To generate LexAop-nompC-L-GFP-2A-tdtomato flies, we subcloned nompC-L His-GFP from pOCC8 nompC-L His-GFP [the plasmid was a gift from Z. Wang (Institute of Neuroscience, China)] using the following primer sequences: 5′-cctttacttcaggcggccgcggcccgcaatgtcgcagccgcgcg-3′ (forward) and 5′-gttggtggcggtaccgctgcctccactgtgatggtgatggtg-3′ (reverse). tdtomato was subcloned from pDEST-HemmarR tdtomato [the plasmid was a gift from Y. Rao (Peking University, China)] using the following primer sequences: 5′-ggcagcggtaccgccaccaacttcagcctgctgaagcaggccggcgatgtggaggagaaccccgggcccatggtgagcaagggcgaggag-3′ (forward) and 5′-gtaaggttccttcacaaagatcctttagagggcaacttcattttc-3′ (reverse). We inserted nompC-L His-GFP and tdtomato into pJFRC19-13XLexAop2-IVS-myrGFP vector and then injected the LexAop-nompC-L-GFP-2A-tdtomato plasmids into the transgenic flies (BDSC no. 25710).

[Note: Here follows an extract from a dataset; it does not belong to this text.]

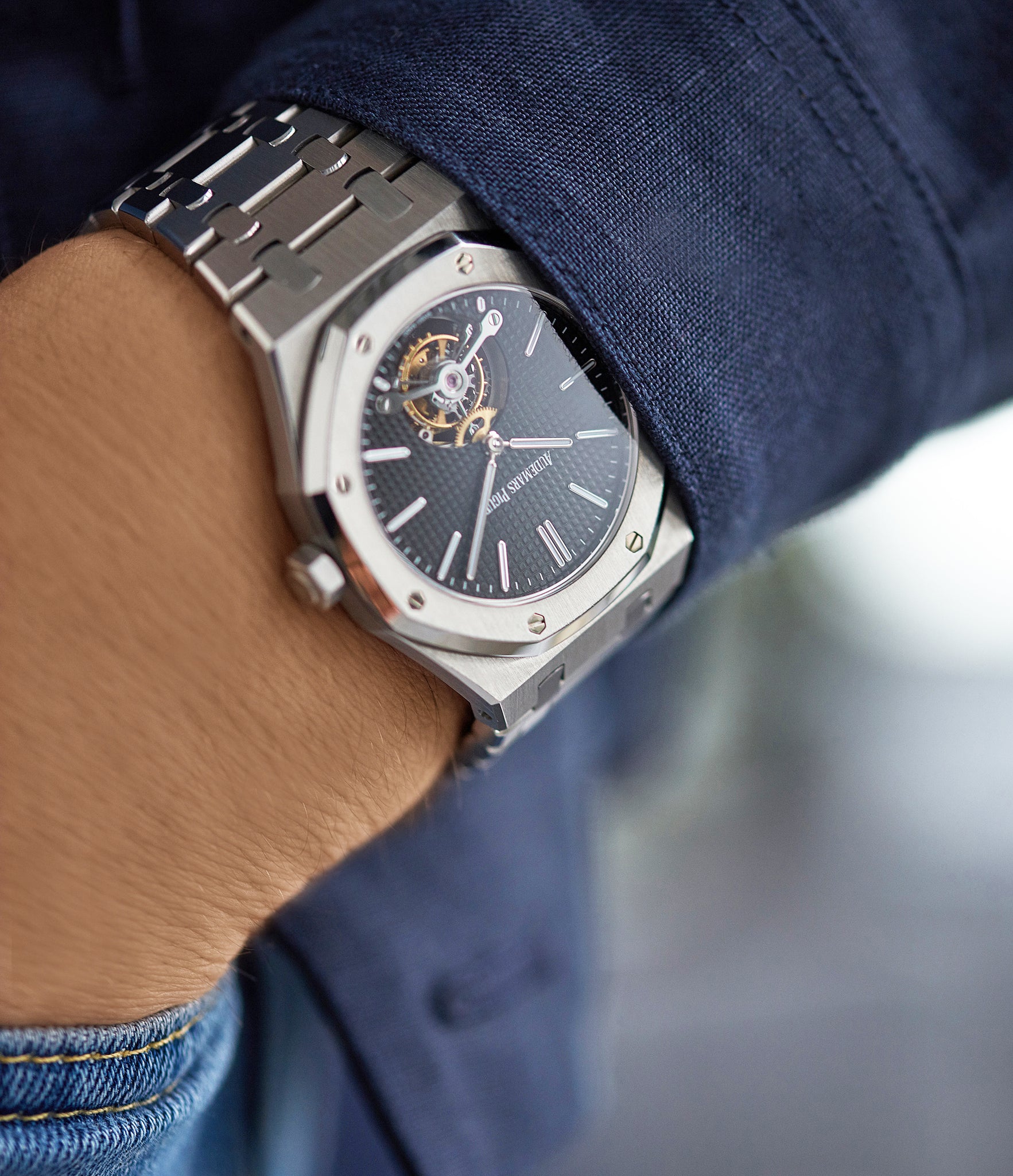 selling Audemars Piguet Royal Oak Tourbillon extra-slim Special Edition Japanese steel pre-owned watch for sale online at A Collected Man London UK specialist of rare watches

To generate LexAop2-FRT-CsChrimson.mVenus-FRT flies, we subcloned CsChrimson.mVenus from the fly 20XUAS-IVS-CsChrimson.mVenus (BDSC no. 55135) using the following primer sequences [containing the FRT (flipase recognition target) sequence]: 5′-cttatcctttacttcaggcggccgcgaagttcctatactttctagagaataggaacttcgccaccatgagcagactggtcgccgctt-3′ (forward) and 5′-aggttccttcacaaagatcctctagagaagttcctattctctagaaagtataggaacttcttacacctcgttctcgtagcaga-3′ (reverse).

CsChrimson.mVenus was inserted into the Not I/Xba I–digested pJFRC19-13XLexAop2-IVS-myrGFP vector (Addgene no. 26224), and the LexAop2-FRT-CsChrimson.mVenus-FRT plasmids were injected into the transgenic flies (BDSC no. 25710).

注意:以上内容是从某篇研究文章中自动提取的,可能无法正确显示。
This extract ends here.